Gilbert Quevillon a perdu son père en septembre dernier d’un cancer des os qui l’a foudroyé en l’espace deux semaines. Cette année, c’est au tour de sa mère de se mourir d’un cancer du côlon qui se généralise de jour en jour. L’hôpital a tout de même cru bon de procéder à des évaluations pour le moins étonnantes, dont l’une consistait à préparer un repas.
«J’étais furieux quand j’ai appris que le département allait fermer, lance l’homme d’affaires Gilbert Quevillon.
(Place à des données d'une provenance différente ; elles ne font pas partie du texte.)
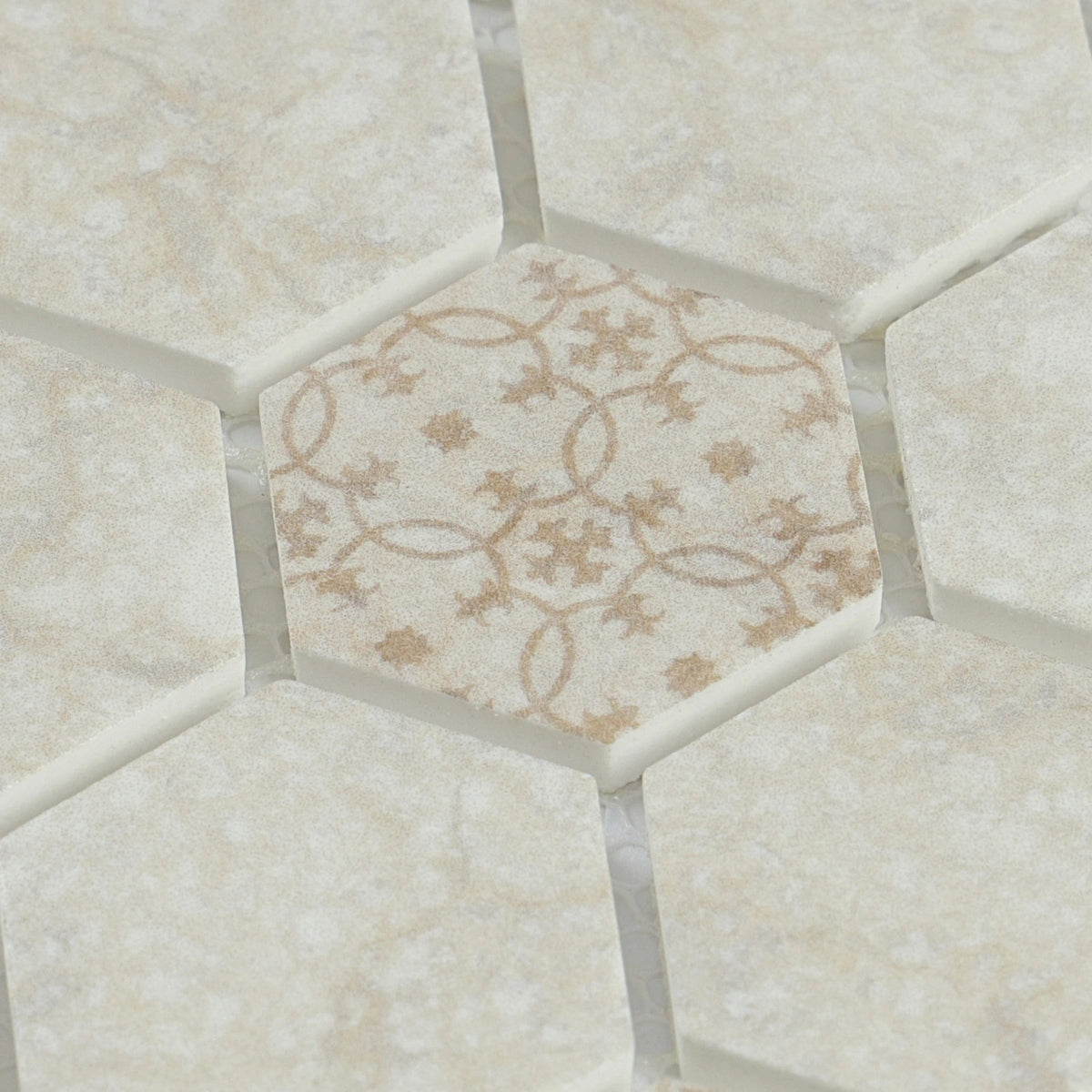 Crafted Elegance hexagon mosaic close-up; supplier code ARTHEX001 requires color verification.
Quand la maladie est apparue chez mon père, il s’est retrouvé dans un endroit paisible, avec des bénévoles extraordinaires qui distribuaient des biscuits chauds et mettaient de petites musiques douces.» Quand sa mère est tombée malade, lui et sa femme en ont pris soin autant que faire se peut, en se disant qu’au moins, elle allait finir ses jours dans un décor agréable, grâce à l’unité de soins palliatifs de Sainte-Agathe, confie-t-il.
«Est venu un temps où on était plus capables. On avait droit à une infirmière, une demie-heure, une fois par semaine. Le reste du temps, on devait faire toutes les injections, changer ses sacs et lui donner tous les médicaments dont elle avait besoin. Ma mère commençait à avoir des hallucinations. Avec les trois enfants, ce n’était plus possible de la soigner convenablement. D’autant plus qu’on était restés sans nouvelles des services de soins à domicile pendant deux semaines.»

Le 3 novembre, Mme Quevillon est admise aux soins palliatifs, une unité que l’on appelle désormais soins palliatifs / fin de vie et où, depuis plus de deux semaines, l’établissement applique le fait que les patients doivent y séjourner un maximum de 30 jours. «Ça faisait 19 jours que ma mère était hospitalisée quand ils ont commencé à me harceler, confie Gilbert Quevillon. Pourtant, tout le monde sait qu’elle avait besoin d’une présence 24h sur 24. Je leur ai demandé: avez-vous des services à m’offrir? Ils m’ont répondut non.»

Sa mère évaluée

Mme Quevillon a échoué sa première évaluation: elle se croyait en 1987. On réévalue son cas en lui proposant de cuisiner une sauce à spaghetti. «Au départ, ma mère n’était pas capable de mettre ses pantoufles, raconte son fils. Selon moi, elle échouait déjà son test, mais non. On lui met ses pantoufles. On se rend compte qu’elle ne peut pas marcher, on fait appel au fauteuil roulant. Ils l’ont finalement forcée à faire la cuisine et elle en a eu pour deux jours à s’en remettre! Et on lui a donné 9 sur 10, ironise-t-il. Ces évaluations-là, ça n’existait pas avant. On traitait pour le mieux, un point c’est tout. Et là, on arrive à l’échéance de 30 jours. Qui décide à quelle heure on meurt?»